Yes, I agree our debate is about what ‘freedom’ needs protection. You argue what matters is those in gov’t power being free to enforce “accordance with the truth,” which means preserving freedom for “discrimination” against those reasoned incorrect in their beliefs and practices.
My own contrary perception is that the actual challenge in free republics is precisely preserving freedom for those seen as acting contrary to what the majority sees as the truth. Thus “discrimination” against minority views & practices should not necessarily be seen as a paramount virtue in a free society.
I don’t see that your expectation is realistic or right that we must never need to go along with something we consider nonsense, or that doing such is the most profound harm that can happen to someone.
Heavens, the reality is the gov’t requires my taxes whether I think what it funds is nonsense or not. I thought billions spent on invading Iraq was deeply immoral and destructive 'nonsense," but I still paid for what our democracy did. And heavens, as a pastor, I regularly went along with nonsense in order to keep my job. If I had insisted on what I believed was reasonable, it would have been unemployment!

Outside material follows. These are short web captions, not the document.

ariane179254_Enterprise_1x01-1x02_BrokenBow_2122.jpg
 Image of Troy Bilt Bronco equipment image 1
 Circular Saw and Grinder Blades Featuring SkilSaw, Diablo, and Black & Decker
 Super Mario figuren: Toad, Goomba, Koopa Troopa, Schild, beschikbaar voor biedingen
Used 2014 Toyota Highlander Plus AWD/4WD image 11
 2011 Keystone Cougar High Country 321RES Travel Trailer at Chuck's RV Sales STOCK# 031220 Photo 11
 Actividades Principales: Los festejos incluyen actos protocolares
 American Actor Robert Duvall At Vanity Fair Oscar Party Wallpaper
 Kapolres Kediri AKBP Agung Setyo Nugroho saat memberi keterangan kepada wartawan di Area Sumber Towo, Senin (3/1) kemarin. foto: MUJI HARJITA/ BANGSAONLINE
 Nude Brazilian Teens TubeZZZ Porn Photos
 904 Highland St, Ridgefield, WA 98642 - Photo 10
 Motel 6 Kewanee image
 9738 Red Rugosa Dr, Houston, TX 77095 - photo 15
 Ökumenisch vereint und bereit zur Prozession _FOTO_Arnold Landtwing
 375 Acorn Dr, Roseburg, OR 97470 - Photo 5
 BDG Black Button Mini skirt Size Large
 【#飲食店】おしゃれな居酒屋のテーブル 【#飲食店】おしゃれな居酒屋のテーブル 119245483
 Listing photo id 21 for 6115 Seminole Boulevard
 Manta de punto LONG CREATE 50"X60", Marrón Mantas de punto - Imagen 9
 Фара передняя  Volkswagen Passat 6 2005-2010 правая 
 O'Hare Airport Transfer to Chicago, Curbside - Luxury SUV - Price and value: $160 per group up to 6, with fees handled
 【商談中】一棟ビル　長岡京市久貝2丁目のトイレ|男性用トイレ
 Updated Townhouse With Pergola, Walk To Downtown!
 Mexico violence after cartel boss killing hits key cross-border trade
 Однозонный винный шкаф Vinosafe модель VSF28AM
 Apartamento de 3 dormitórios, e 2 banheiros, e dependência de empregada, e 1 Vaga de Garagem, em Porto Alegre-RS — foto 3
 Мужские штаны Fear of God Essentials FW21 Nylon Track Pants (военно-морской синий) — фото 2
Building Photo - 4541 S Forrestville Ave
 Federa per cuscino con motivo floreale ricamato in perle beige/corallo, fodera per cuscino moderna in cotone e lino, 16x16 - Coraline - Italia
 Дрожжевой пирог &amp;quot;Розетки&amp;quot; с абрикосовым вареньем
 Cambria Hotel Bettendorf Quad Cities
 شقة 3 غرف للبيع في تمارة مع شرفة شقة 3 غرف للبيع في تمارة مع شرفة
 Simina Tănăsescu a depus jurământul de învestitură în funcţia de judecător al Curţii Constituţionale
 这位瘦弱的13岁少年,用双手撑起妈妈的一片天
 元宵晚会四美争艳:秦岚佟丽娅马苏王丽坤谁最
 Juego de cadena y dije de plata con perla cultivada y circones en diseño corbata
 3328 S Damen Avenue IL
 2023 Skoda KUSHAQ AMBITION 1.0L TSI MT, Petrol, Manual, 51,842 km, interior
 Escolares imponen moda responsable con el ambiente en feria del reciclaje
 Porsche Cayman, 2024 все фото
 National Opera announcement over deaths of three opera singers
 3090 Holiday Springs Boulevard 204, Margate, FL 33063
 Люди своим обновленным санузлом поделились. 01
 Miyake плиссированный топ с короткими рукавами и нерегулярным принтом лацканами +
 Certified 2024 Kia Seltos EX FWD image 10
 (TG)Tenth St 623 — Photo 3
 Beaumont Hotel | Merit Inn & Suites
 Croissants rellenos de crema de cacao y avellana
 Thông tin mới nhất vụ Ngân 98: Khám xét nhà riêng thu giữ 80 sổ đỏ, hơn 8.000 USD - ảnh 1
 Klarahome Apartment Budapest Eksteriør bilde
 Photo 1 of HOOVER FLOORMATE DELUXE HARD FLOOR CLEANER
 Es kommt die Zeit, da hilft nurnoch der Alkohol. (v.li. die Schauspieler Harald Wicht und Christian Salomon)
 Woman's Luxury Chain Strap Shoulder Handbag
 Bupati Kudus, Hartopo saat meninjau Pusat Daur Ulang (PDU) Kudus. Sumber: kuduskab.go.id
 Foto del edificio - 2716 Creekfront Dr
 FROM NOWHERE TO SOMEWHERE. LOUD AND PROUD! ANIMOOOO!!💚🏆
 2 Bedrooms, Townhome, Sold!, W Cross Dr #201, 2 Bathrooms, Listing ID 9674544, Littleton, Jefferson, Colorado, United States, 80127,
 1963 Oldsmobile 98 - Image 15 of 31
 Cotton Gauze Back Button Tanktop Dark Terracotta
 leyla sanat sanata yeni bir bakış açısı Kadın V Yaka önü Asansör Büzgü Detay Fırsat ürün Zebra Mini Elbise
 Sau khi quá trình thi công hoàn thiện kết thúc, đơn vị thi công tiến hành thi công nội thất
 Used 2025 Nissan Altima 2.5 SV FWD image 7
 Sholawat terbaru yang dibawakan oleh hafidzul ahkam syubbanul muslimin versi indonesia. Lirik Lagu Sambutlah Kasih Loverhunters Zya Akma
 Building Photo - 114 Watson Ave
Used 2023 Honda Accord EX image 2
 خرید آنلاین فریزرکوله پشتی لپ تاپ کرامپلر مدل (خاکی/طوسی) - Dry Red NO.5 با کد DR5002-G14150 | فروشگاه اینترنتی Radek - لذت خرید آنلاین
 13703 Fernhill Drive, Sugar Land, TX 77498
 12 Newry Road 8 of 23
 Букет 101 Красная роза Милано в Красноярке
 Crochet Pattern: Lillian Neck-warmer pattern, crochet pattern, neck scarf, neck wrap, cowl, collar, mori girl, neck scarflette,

More fundamentally in a free republic, where people will never be homogeneous in their beliefs, preserving minority rights will mean allowing beliefs and actions that I myself don’t find reasonable. E.g. While I can believe whatever I want about transgenderism, arguing that gov’t must enforce a gendered dress code upon such characters in order that the truth I recognize can be “affirmed,” strikes me as sacrificing the freedom of a strange minority for the sake of my personal comfort. But there’s no way everyone will always be ‘comfortable.’